The modest and practical son of an illustrious but anonymous father, then coming to the point, said it would be the easiest thing in the world to direct the course of the Scheldt into an entirely new channel through Spanish Flanders to the sea. Thus the Dutch ports and forts which had been constructed with such magnificence and at such vast expense would be left high and dry; the Spaniards would build new ones in Flanders, and thus control the whole navigation and deprive the Hollanders of that empire of the sea which they now so proudly arrogated. This scheme was much simpler to carry out than the vulgar might suppose, and, when. accomplished, it would destroy the commerce, navigation, and fisheries of the Hollanders, throwing it all into the hands of the Archdukes. This would cause such ruin, poverty, and tumults everywhere that all would be changed. The Republic of the United States would annihilate itself and fall to pieces; the religious dissensions, the war of one sect with another, and the jealousy of the House of Nassau, suspected of plans hostile to popular liberties, finishing the work of destruction. "Then the Republic," said the man of universal science, warming at sight of the picture he was painting, "laden with debt and steeped in poverty, will fall to the ground of its own weight, and thus debilitated will crawl humbly to place itself in the paternal hands of the illustrious house of Austria."

It would be better, he thought, to set about the work, before the expiration of the Truce. At any rate, the preparation for it, or the mere threat of it, would ensure a renewal of that treaty on juster terms. It was most important too to begin at once the construction of a port on the coast of Flanders, looking to the north.
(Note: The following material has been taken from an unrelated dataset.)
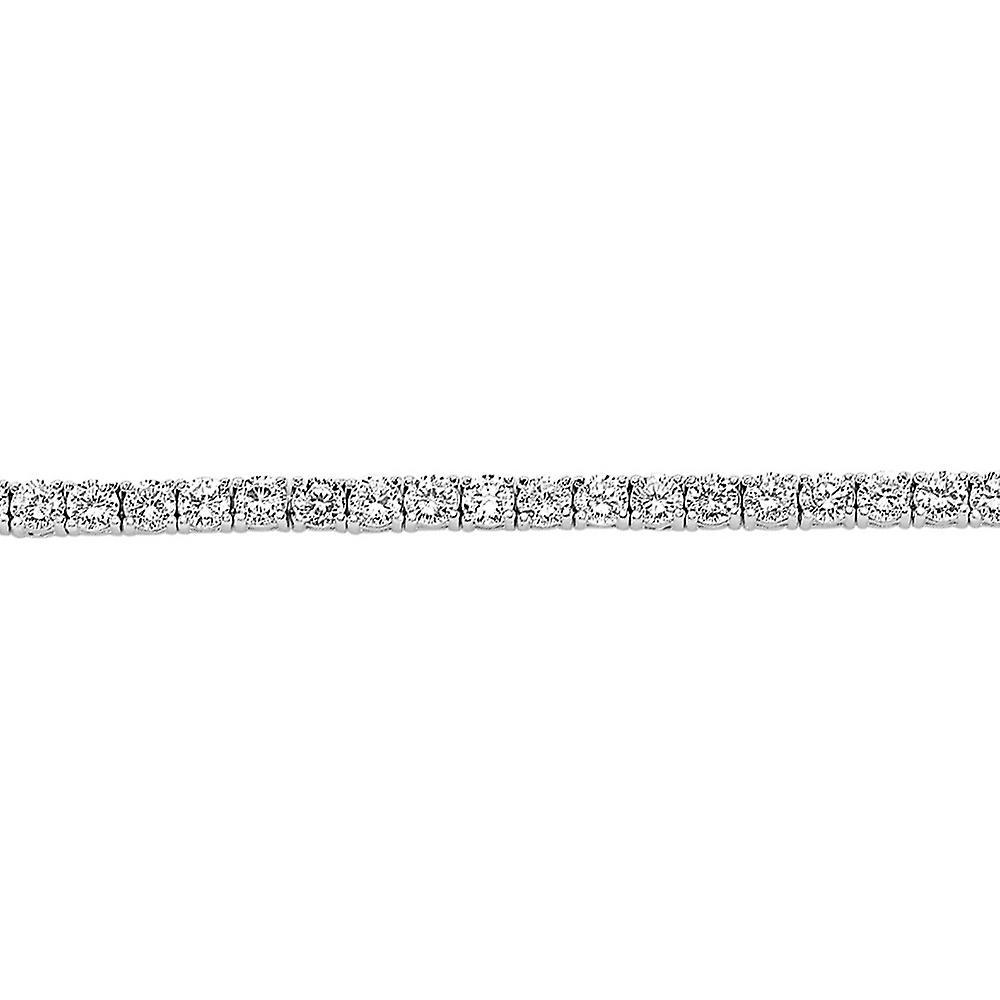 Silver  CZ 4 Claw Line Tennis Bracelet 4mm 7 inch - GVB094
There was a position, he said, without naming it, in which whole navies could ride in safety, secure from all tempests, beyond the reach of the Hollanders, open at all times to traffic to and from England, France, Spain, Norway, Sweden, Russia—a perfectly free commerce, beyond the reach of any rights or duties claimed or levied by the insolent republic. In this port would assemble all the navigators of the country, and it would become in time of war a terror to the Hollanders, English, and all northern peoples. In order to attract, protect, and preserve these navigators and this commerce, many great public edifices must be built, together with splendid streets of houses and impregnable fortifications. It should be a walled and stately city, and its name should be Philipopolis. If these simple projects, so easy of execution, pleased his Majesty, the practical person was ready to explain them in all their details.

His Majesty was enchanted with the glowing picture, but before quite deciding on carrying the scheme into execution thought it best to consult the Archduke.
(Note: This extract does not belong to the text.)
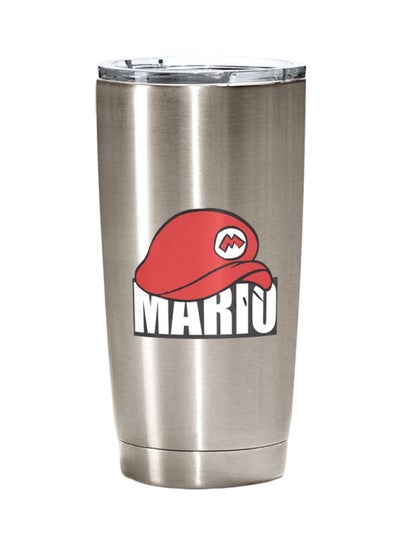 Buy Mario Cap Printed Tumbler With Lid Silver/Red/White 20ounce in UAE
The reply of Albert has not been preserved. It was probably not enthusiastic, and the man who without boasting had declared himself to know everything was never commissioned to convert his schemes into realities. That magnificent walled city, Philipopolis, with its gorgeous streets and bristling fortresses, remained unbuilt, the Scheldt has placidly flowed through its old channel to the sea from that day to this, and the Republic remained in possession of the unexampled foreign trade with which rebellion had enriched it.
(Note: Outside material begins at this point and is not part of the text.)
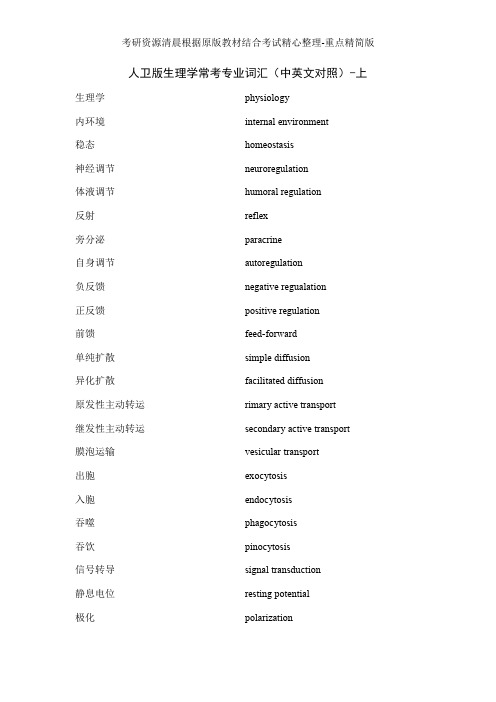 人卫版生理学常考专业词汇(中英文对照)-上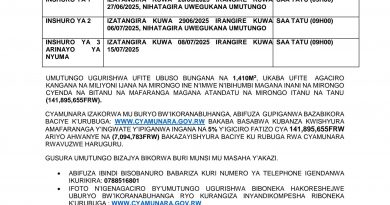 Itangazo rya cyamunara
These various intrigues and projects show plainly enough however the encouragement given to the enemies of the United Provinces and of Protestantism everywhere by these disastrous internal dissensions. But yesterday and the Republic led by Barneveld in council and Maurice of Nassau in the field stood at the head of the great army of resistance to the general crusade organized by Spain and Rome against all unbelievers. And now that the war was absolutely beginning in Bohemia, the Republic was falling upon its own sword instead of smiting with it the universal foe.

It was not the King of Spain alone that cast longing eyes on the fair territory of that commonwealth which the unparalleled tyranny of his father had driven to renounce his sceptre. Both in the Netherlands and France, among the extreme orthodox party, there were secret schemes, to which Maurice was not privy, to raise Maurice to the sovereignty of the Provinces. Other conspirators with a wider scope and more treasonable design were disposed to surrender their country to the dominion of France, stipulating of course large rewards and offices for themselves and the vice-royalty of what should then be the French Netherlands to Maurice.

The schemes were wild enough perhaps, but their very existence, which is undoubted, is another proof, if more proof were wanted, of the lamentable tendency, in times of civil and religious dissension, of political passion to burn out the very first principles of patriotism.